Correlation Between Long Term and Westwood Market
Can any of the company-specific risk be diversified away by investing in both Long Term and Westwood Market at the same time? Although using a correlation coefficient on its own may not help to predict future stock returns, this module helps to understand the diversifiable risk of combining Long Term and Westwood Market into the same portfolio, which is an essential part of the fundamental portfolio management process.
By analyzing existing cross correlation between Long Term Government Fund and Westwood Market Neutral, you can compare the effects of market volatilities on Long Term and Westwood Market and check how they will diversify away market risk if combined in the same portfolio for a given time horizon. You can also utilize pair trading strategies of matching a long position in Long Term with a short position of Westwood Market. Check out your portfolio center. Please also check ongoing floating volatility patterns of Long Term and Westwood Market.
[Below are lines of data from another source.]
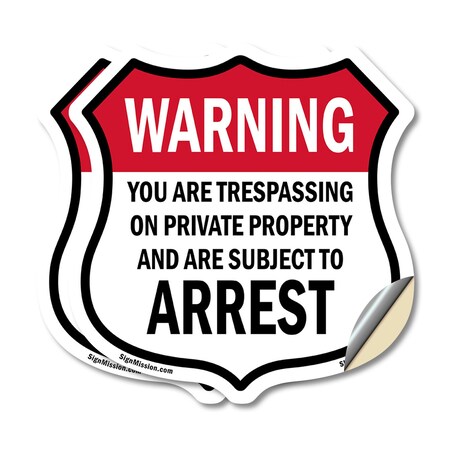 Signmission No Trespassing Shield Sign Warning You A, 6 inch X 6 inch, Vinyl Decal, 2PK SHI-D-2PACK-6-423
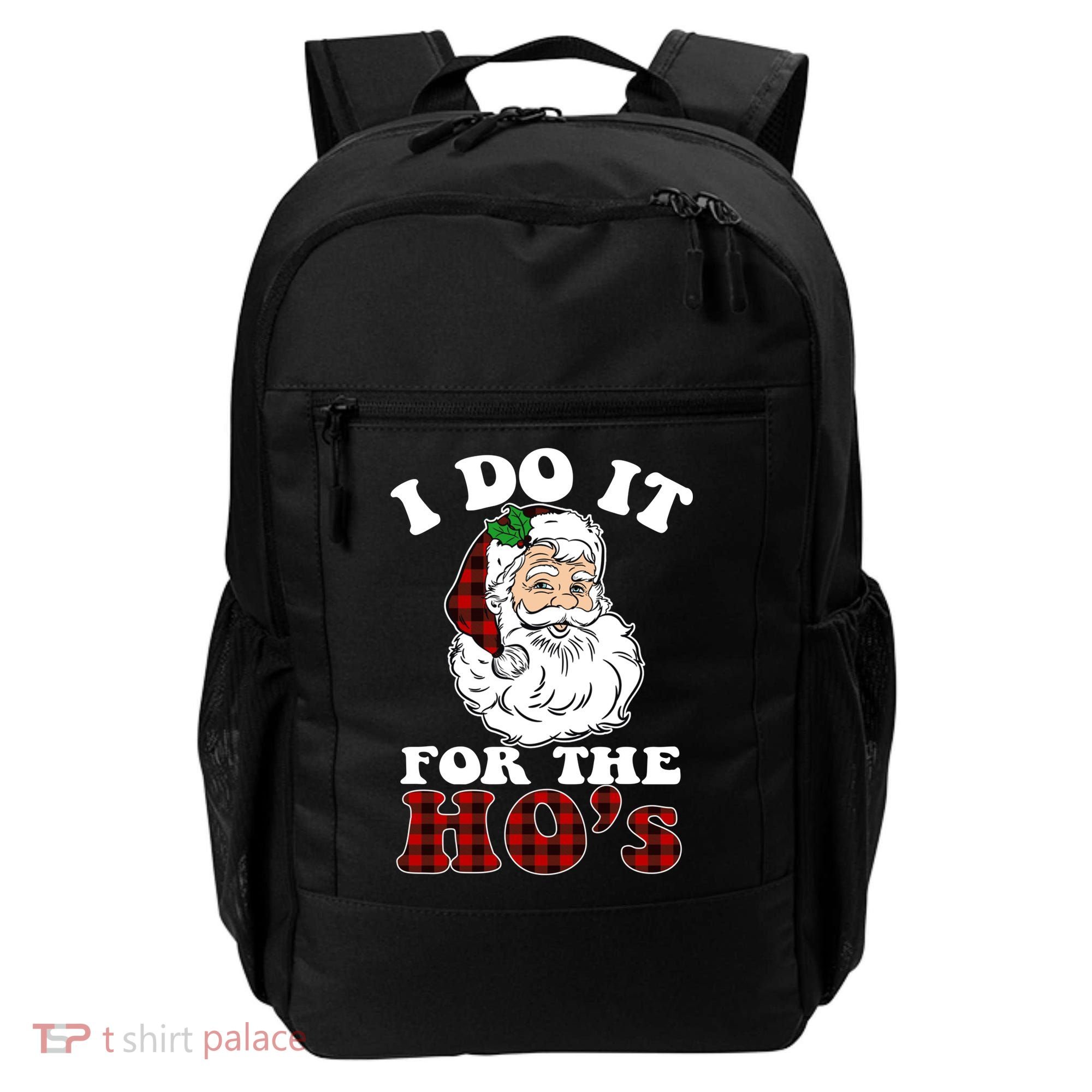 I Do It For The Ho's Funny Inappropriate Christmas Men Backpack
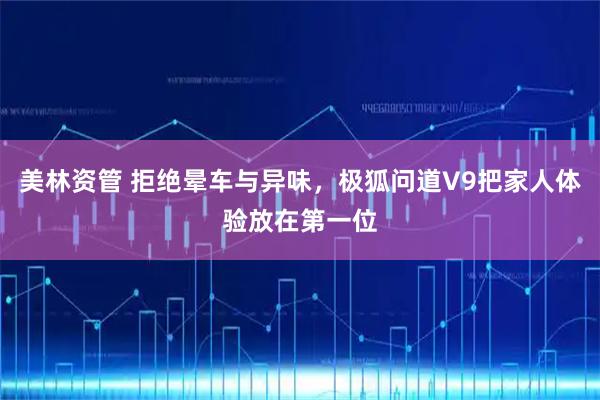 美林资管 拒绝晕车与异味，极狐问道V9把家人体验放在第一位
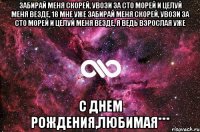 Забирай меня скорей, увози за сто морей И целуй меня везде, 18 мне уже Забирай меня скорей, увози за сто морей И целуй меня везде, я ведь взрослая уже С Днем рождения,любимая***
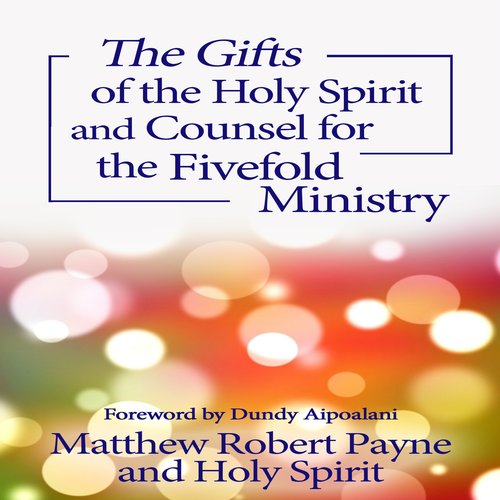 The Gifts of the Holy Spirit and Counsel for the Fivefold Ministry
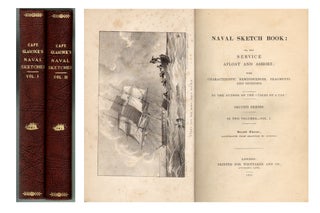 Item #2464 Naval Sketch Book: or, the Service Afloat and Ashore; with Characteristic...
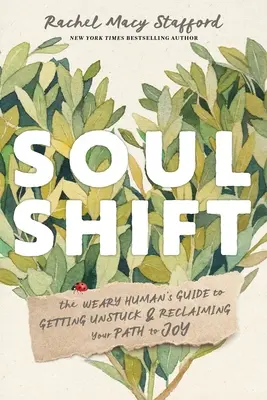 Posun duše: Sprievodca unaveného človeka, ako sa odlepiť od zeme a znovu nájsť svoju cestu k radosti - Soul Shift: The Weary Human's Guide to Getting Unstuck and Reclaiming Your Path to Joy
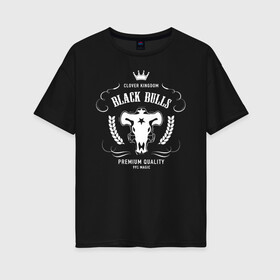 Женская футболка хлопок Oversize с принтом Чёрные быки белое лого в Белгороде, 100% хлопок | свободный крой, круглый ворот, спущенный рукав, длина до линии бедер
 | asta | black bulls | black clover | quartet knights | yuno | акума | аниме | аста | блэк кловер | буракку куро:ба | демон | королевство клевера | король магов | лихт | магна | манга | пятилистник | черный бык | чёрный клев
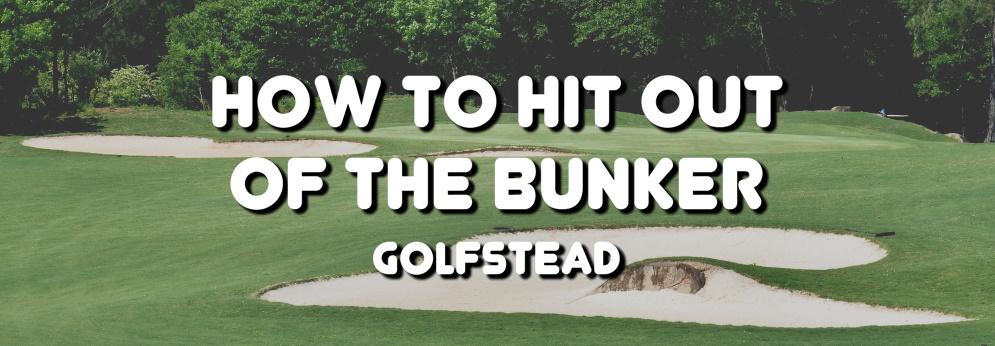 How To Hit Out Of The Bunker - Banner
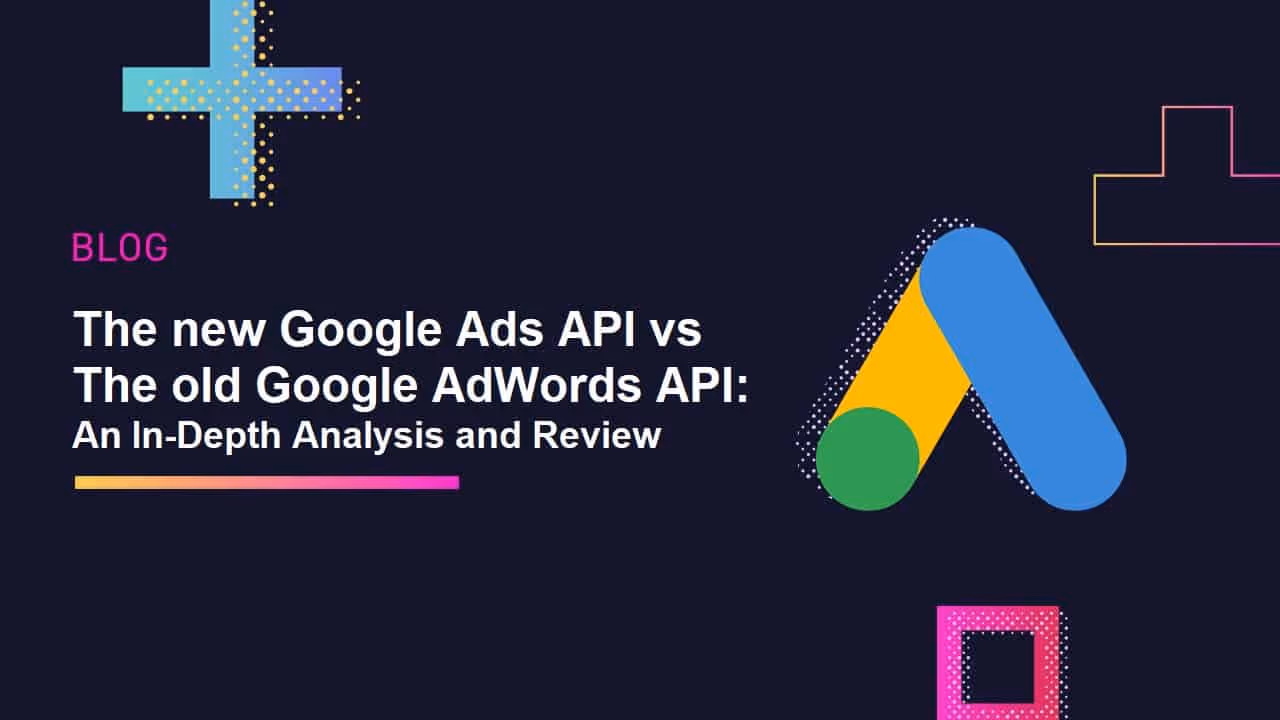 |Differences Between The New GA4 Data API and UA Property API|Google Ads API vs Google AdWords API differences||The new Google Ads API is tailored towards achieving more productivity with the upgrade.|Google Ads API is aimed to enhance marketing productivity.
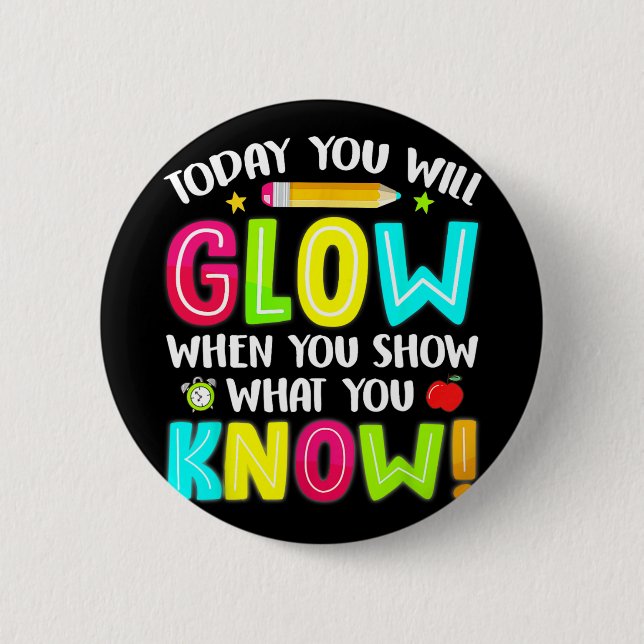 You Will Glow Funny Test Testing Day Teacher Kids  2 Inch Round Button (Front)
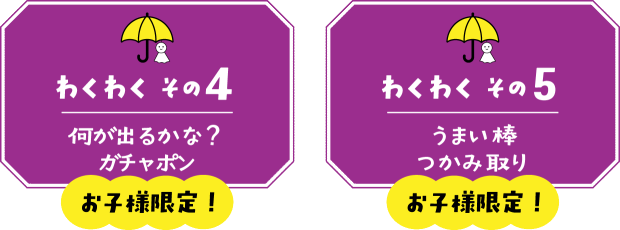 【わくわく その４】何が出るかな？お子様限定ガチャポン【わくわく その５】お子様限定！うまい棒つかみ取り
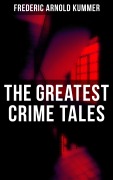 Cover-Bild zum Titel 'The Greatest Crime Tales of Frederic Arnold Kummer' von 'Frederic Arnold Kummer'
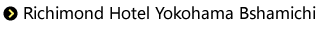 Richimond Hotel Yokohama Bshamichi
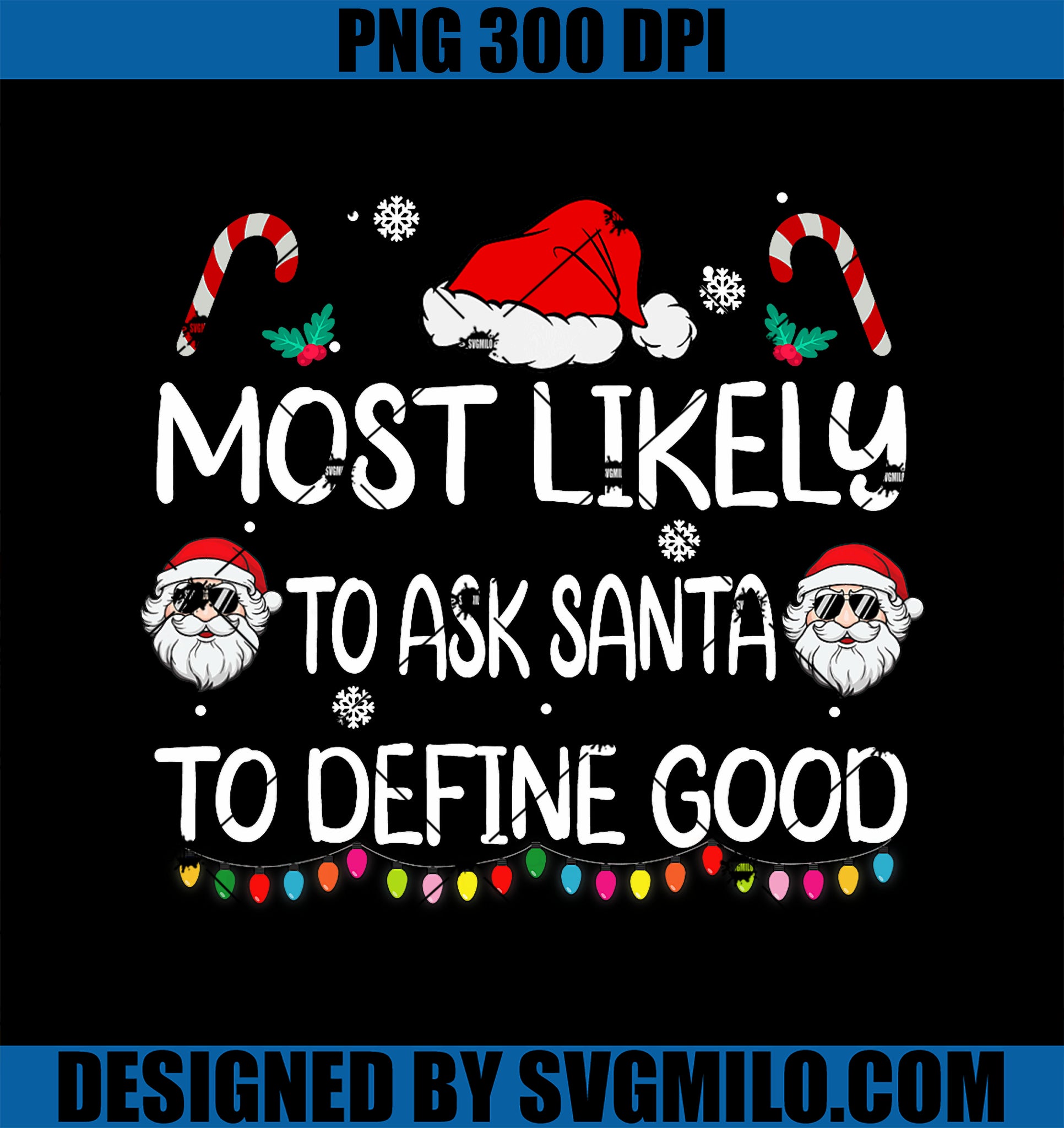 Most Likely To Ask Santa To Define Good Family Christmas PNG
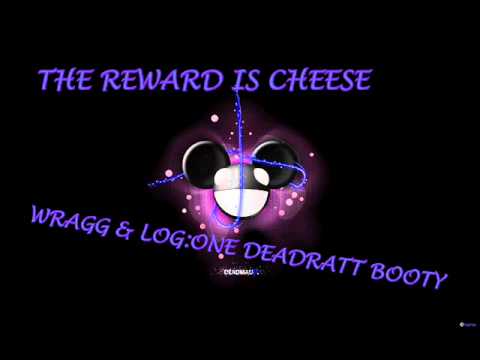 Deadmau5 The reward is cheese (wragg & log:one deadrat booty)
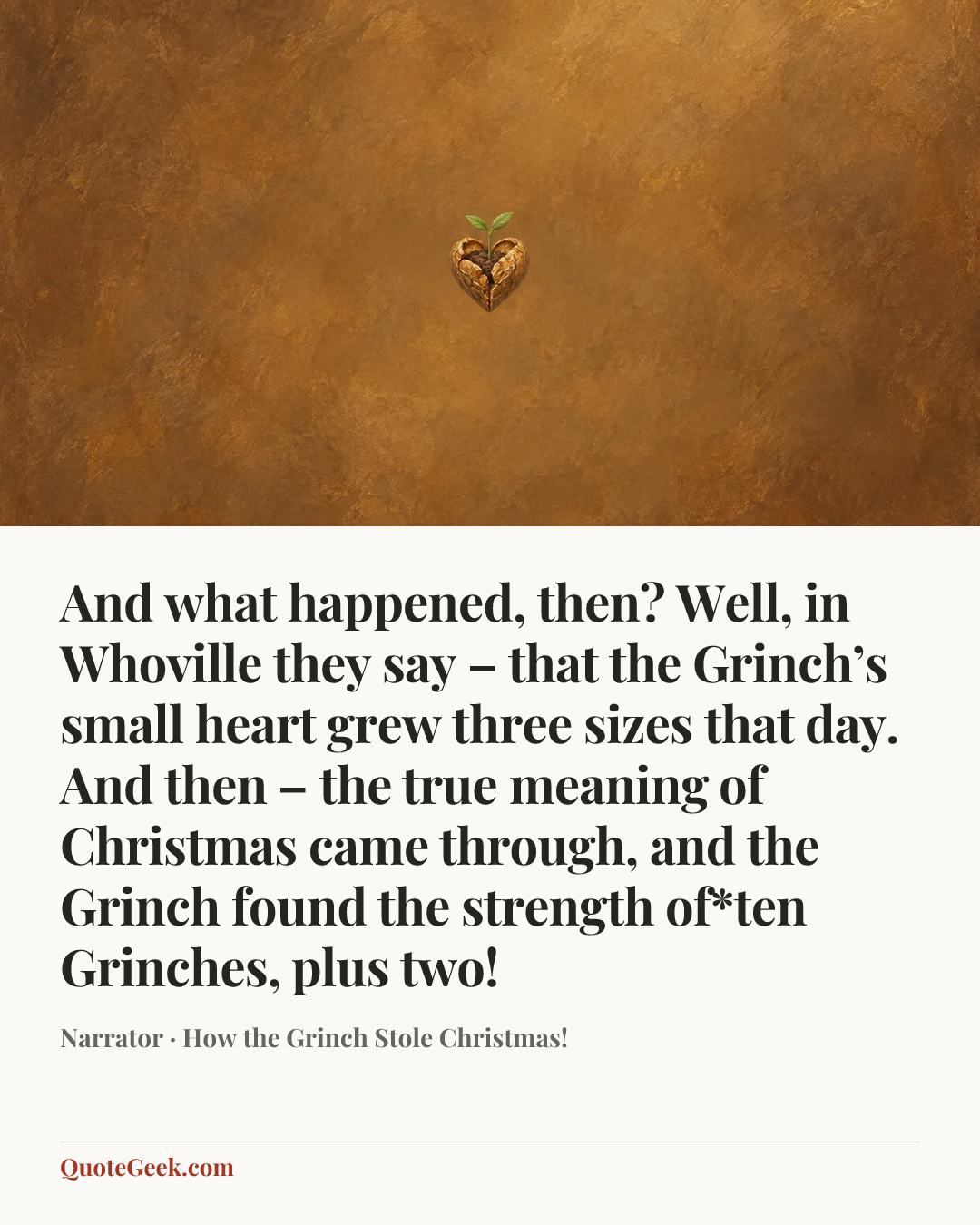 “And what happened, then? Well, in Whoville they say – that the Grinch’s small heart grew three sizes that day. And then – the true meaning of Christmas came through, and the Grinch found the strength of*ten Grinches, plus two!” — Narrator · How the Grinch Stole Christmas!. Illustrated QuoteGeek card.
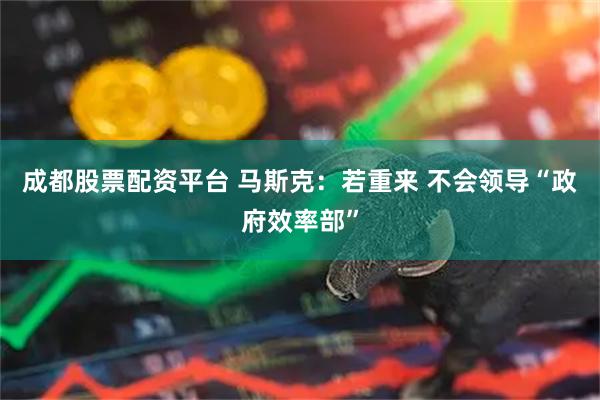 成都股票配资平台 马斯克：若重来 不会领导“政府效率部”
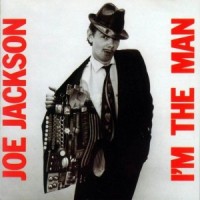 Purchase Joe Jackson - I'm The Man (Reissued 1984)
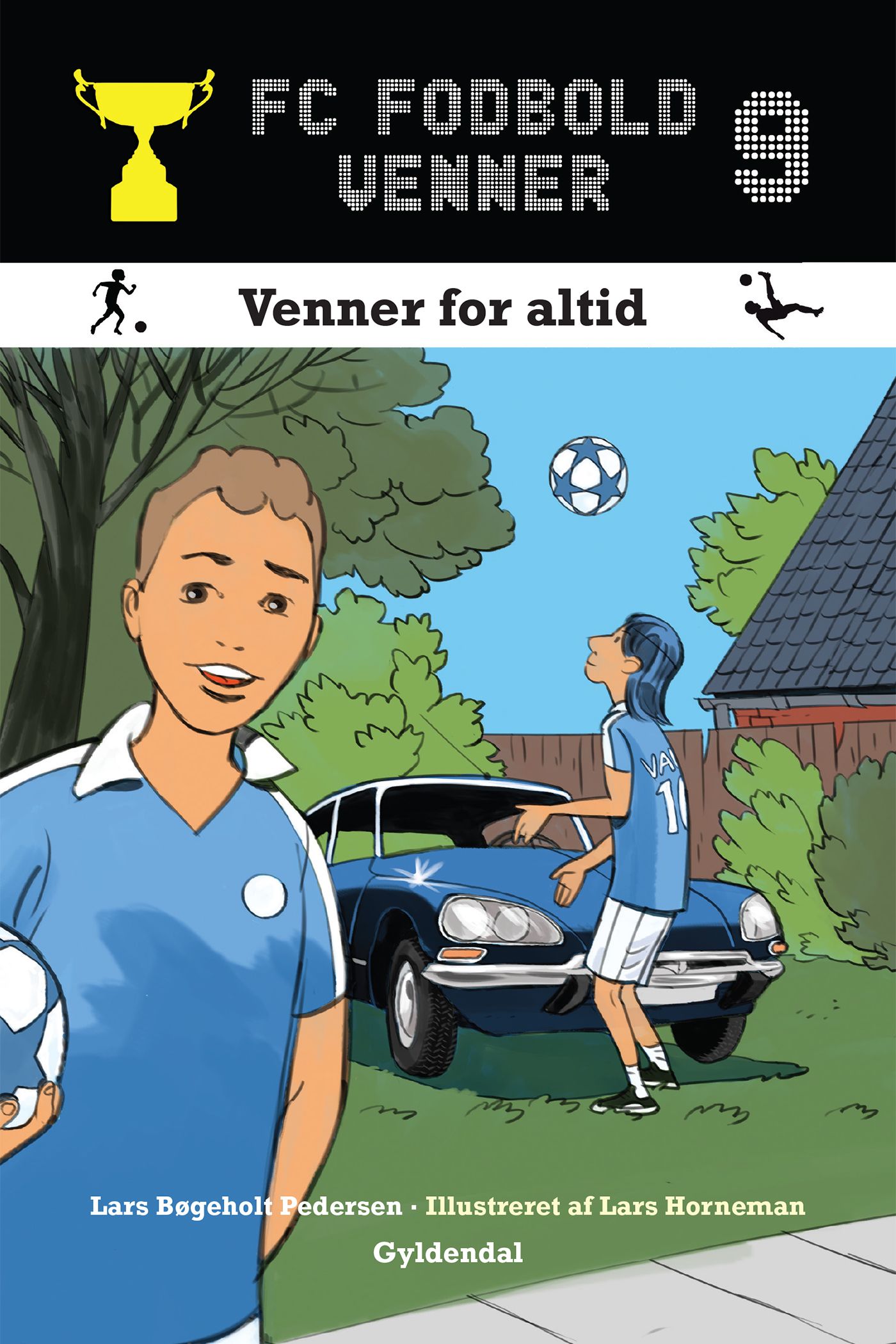 FC Fodboldvenner 9 - Venner for altid, e-bog af Lars Bøgeholt Pedersen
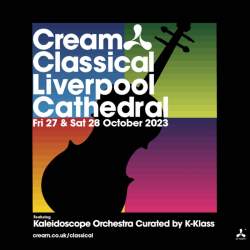 Cream Classical at Liverpool Cathedral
Diversification Opportunities for Long Term and Westwood Market
-0.41 | Correlation Coefficient |
Very good diversification
The 3 months correlation between Long and Westwood is -0.41. Overlapping area represents the amount of risk that can be diversified away by holding Long Term Government Fund and Westwood Market Neutral in the same portfolio, assuming nothing else is changed. The correlation between historical prices or returns on Westwood Market Neutral and Long Term is a relative statistical measure of the degree to which these equity instruments tend to move together. The correlation coefficient measures the extent to which returns on Long Term Government Fund are associated (or correlated) with Westwood Market. Values of the correlation coefficient range from -1 to +1, where. The correlation of zero (0) is possible when the price movement of Westwood Market Neutral has no effect on the direction of Long Term i.e., Long Term and Westwood Market go up and down completely randomly.
Pair Corralation between Long Term and Westwood Market
Assuming the 90 days horizon Long Term Government Fund is expected to generate 126.42 times more return on investment than Westwood Market. However, Long Term is 126.42 times more volatile than Westwood Market Neutral. It trades about 0.03 of its potential returns per unit of risk. Westwood Market Neutral is currently generating about 0.22 per unit of risk. If you would invest 1,491 in Long Term Government Fund on September 28, 2024 and sell it today you would lose (120.00) from holding Long Term Government Fund or give up 8.05% of portfolio value over 90 days.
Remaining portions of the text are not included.